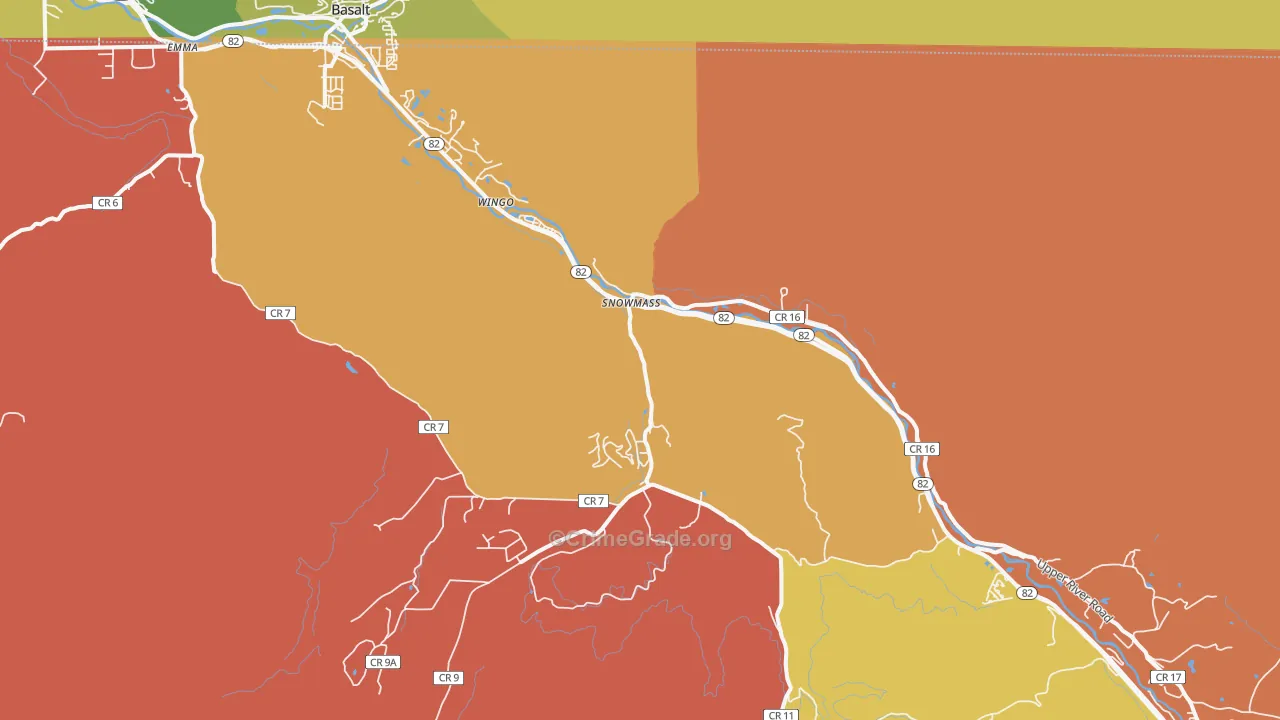 Snowmass, CO Map of Vandalism Rates
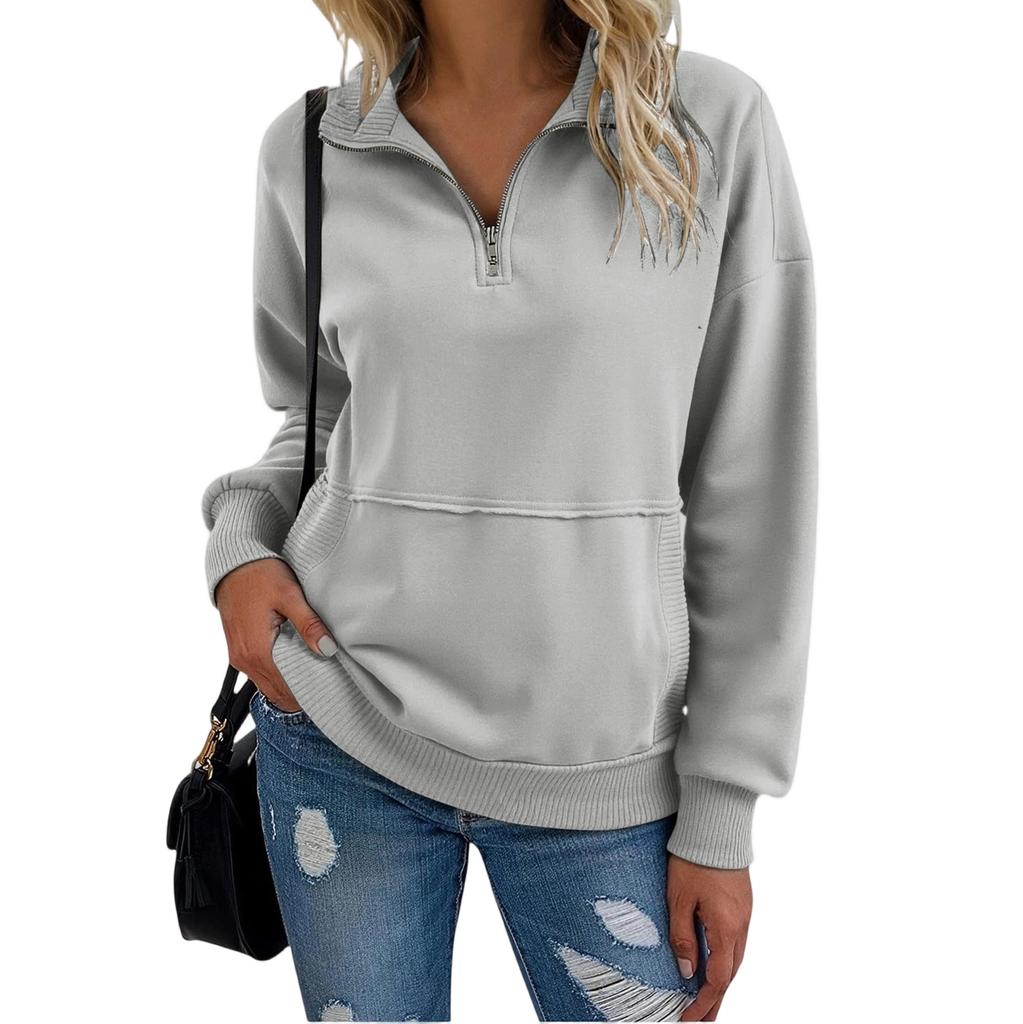 Women's -color Fashionable Long-sleeved Top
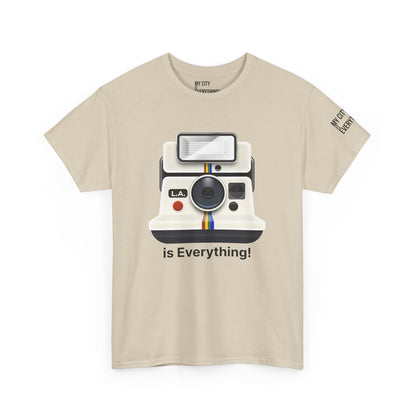 L.A. Retro Camera Tee – “is Everything!” Collection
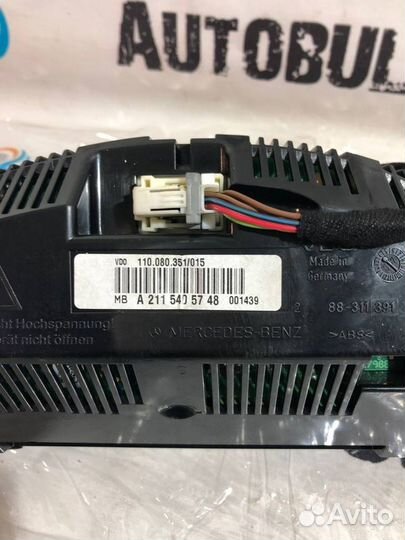 Панель приборов Mercedes E W211 Е30 М272943 2007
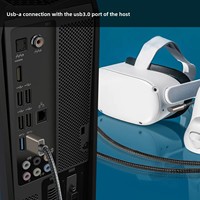 USB type-c transfert de données à charge rapide câble 5GBps 20V 3A accessoires informatiques veste en PVC 5M tressé pour lien type C USB 3.1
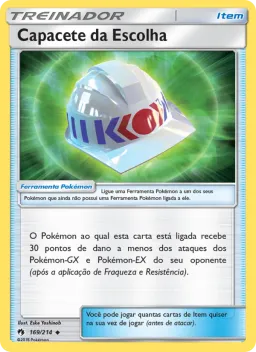 Capacete da Escolha 169 Trovões Perdidos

# Problem description
Begin with the first line of the entries above and write out each line exactly, ending with the line containing "Панель приборов Mercedes". Leave out pictures.

# Task answer
 Snowmass, CO Map of Vandalism Rates
 Women's -color Fashionable Long-sleeved Top
 L.A. Retro Camera Tee – “is Everything!” Collection
 Панель приборов Mercedes E W211 Е30 М272943 2007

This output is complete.